If you use the 1/64th scale measure of length a mile is 82.5' in HO scale. That means, conversely that a half mile would be 41.25', a quarter mile 20.62' and a fifth mile would be 16.5'. Most tracks built on an 8' long board would be between a fifth and quarter mile. Shorten the board, shorten the track, bring in the bulls. Sequoia Speedway has a single lap length measured in lane 4 of 10.5', which makes it about a 1/10th mile in true scale. That's just over 500' per lap, a go kart track in the real world. But in the HO slot car world it's a good length for a bull ring track.

Figuring scale speeds are easy for these track.
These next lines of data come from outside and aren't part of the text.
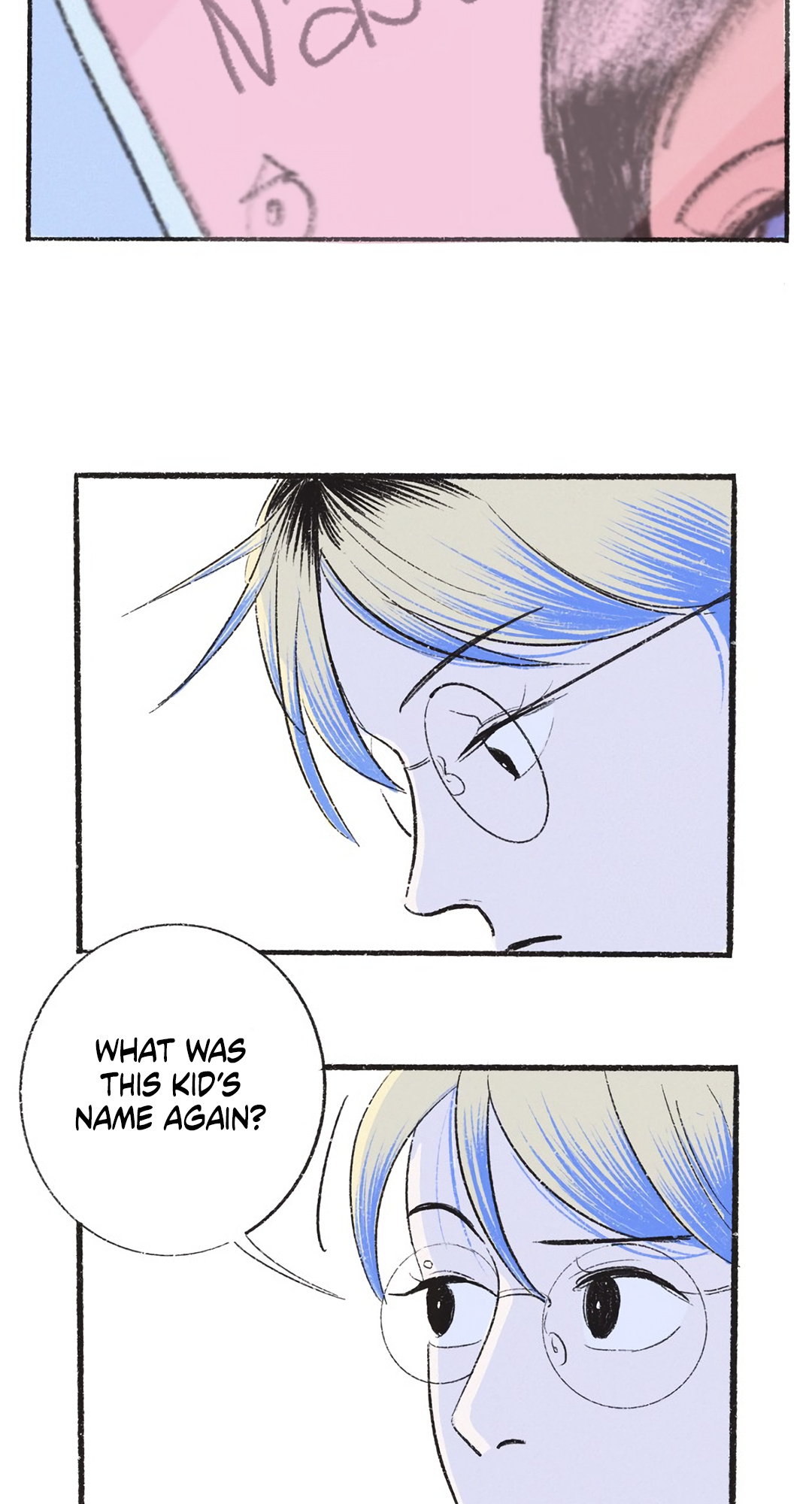 Why Don't I Have Anyone By My Side? Chapter 5 page 44 - 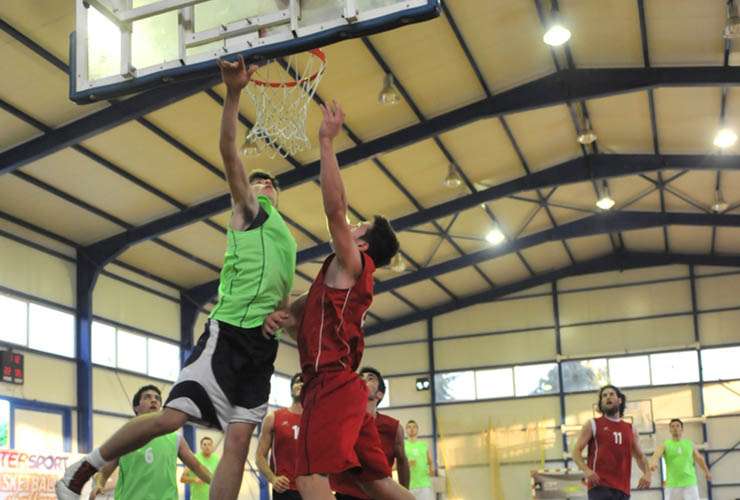 INTERSPORT Basketball Challenge 2012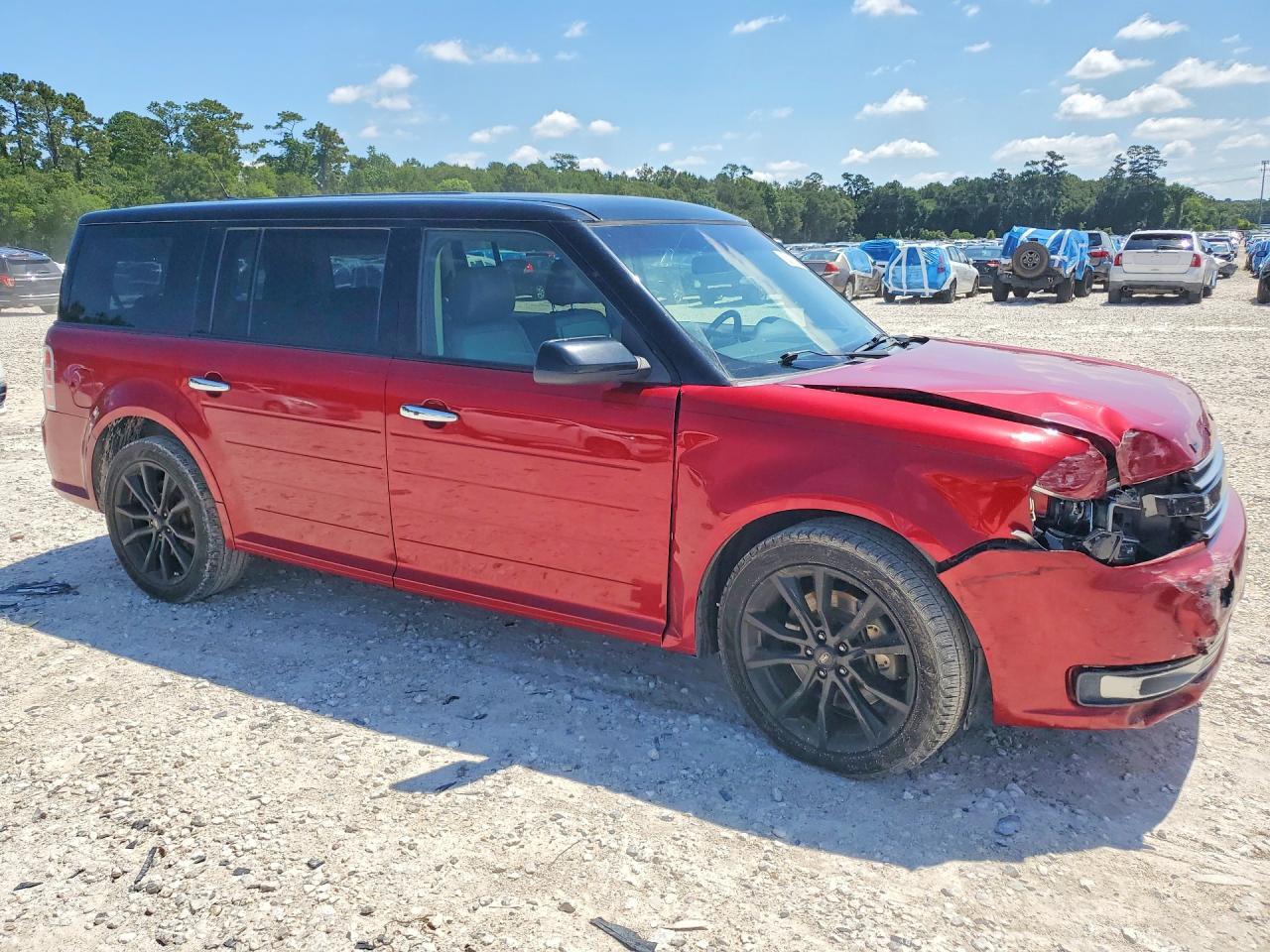 2018 Ford Flex Limited - Image 4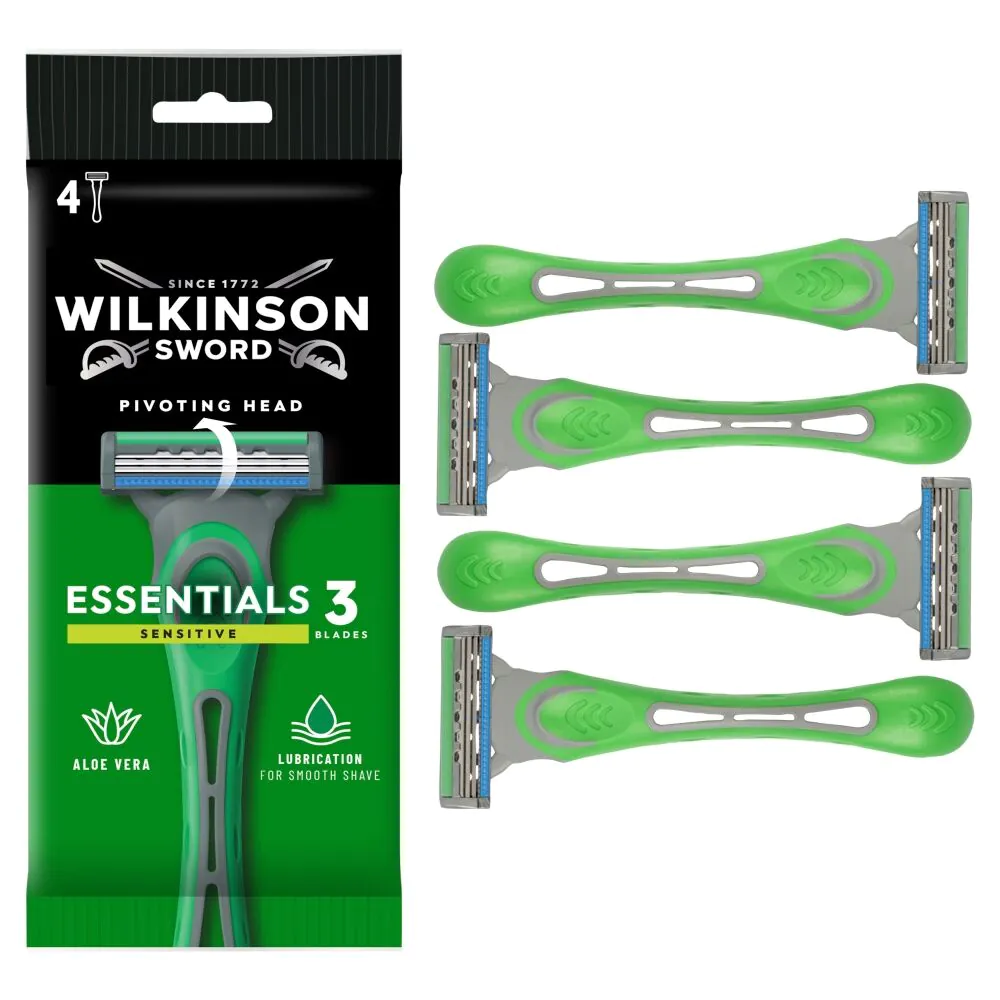 Вилкинсон Екстра3 Сенситив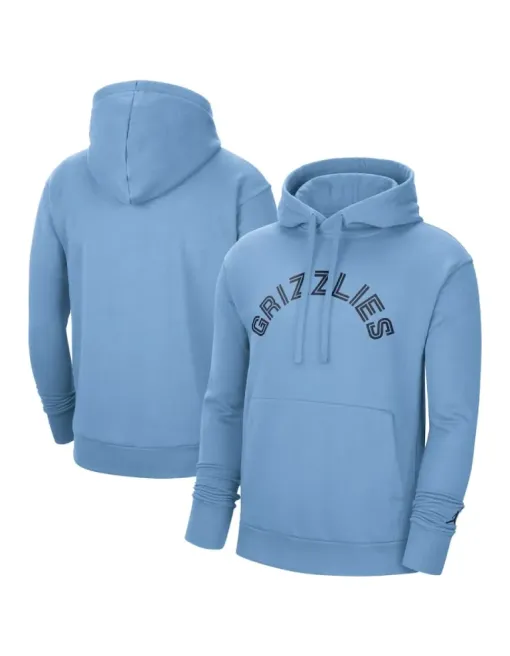 Sweatshirt hooded Memphis Grizzlies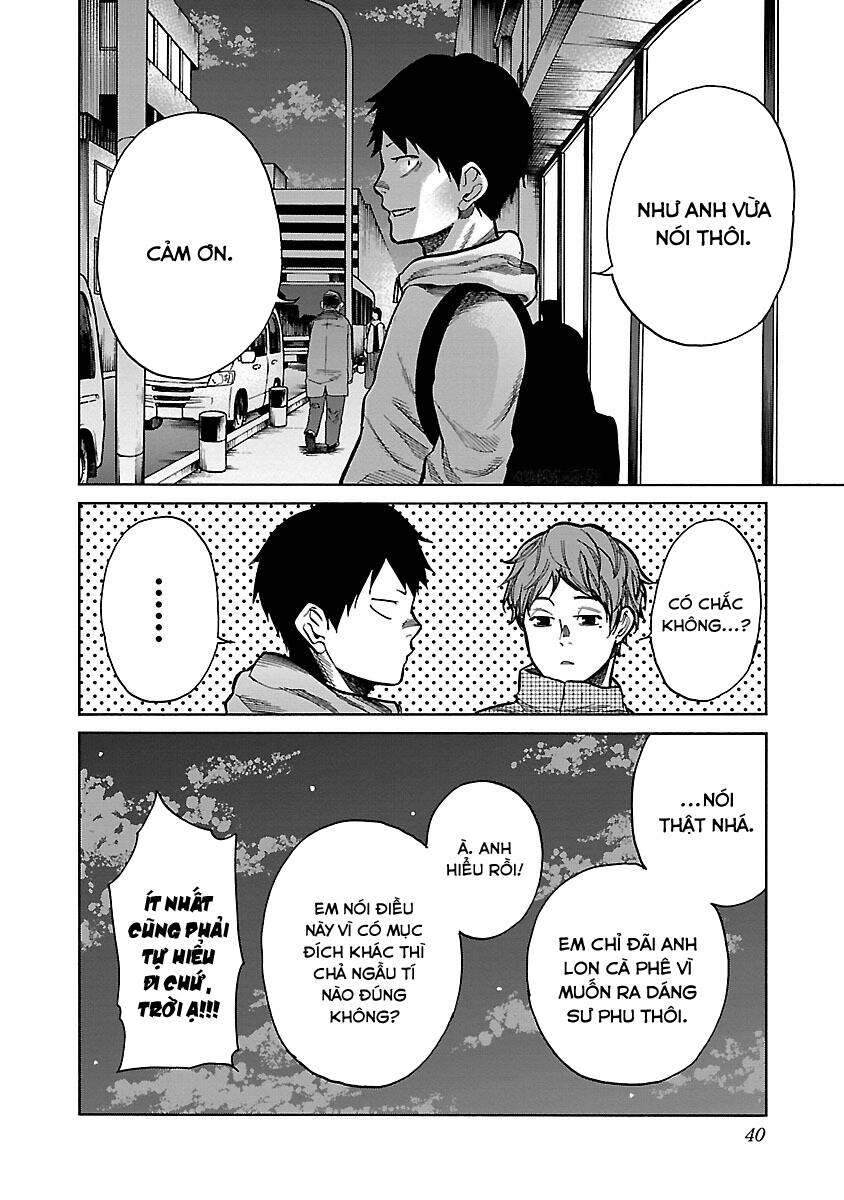 Cigarette &Amp; Cherry Chapter 52 - Trang 2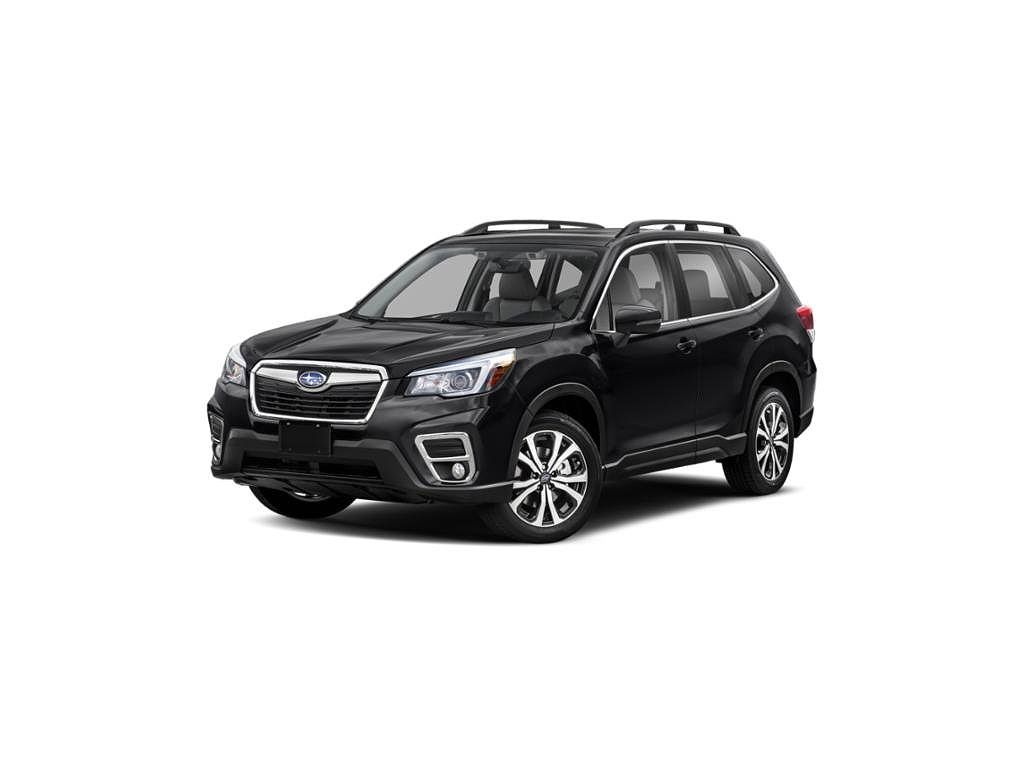 2019 Subaru Forester Limited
First you really need to know what your lap length is, and I suggest measuring the length around at the outside lane. Take that length and divide a mile, or 5,280, by that length. As with our example we got 1/10th mile. Next take your lap time, let's say 1.5 seconds to use a nice round number. Multiply that by the number of laps needed to make a mile, here it would be 10, so we get a figure of 15 seconds for each mile (average). Now we need to know the average speed, so we take the number of seconds in an hour (3,600) and divide it by your average lap time (of 15 seconds) and come up with 240 MPH (average). This formula will work to figure any scale speed regardless of scale or track distance.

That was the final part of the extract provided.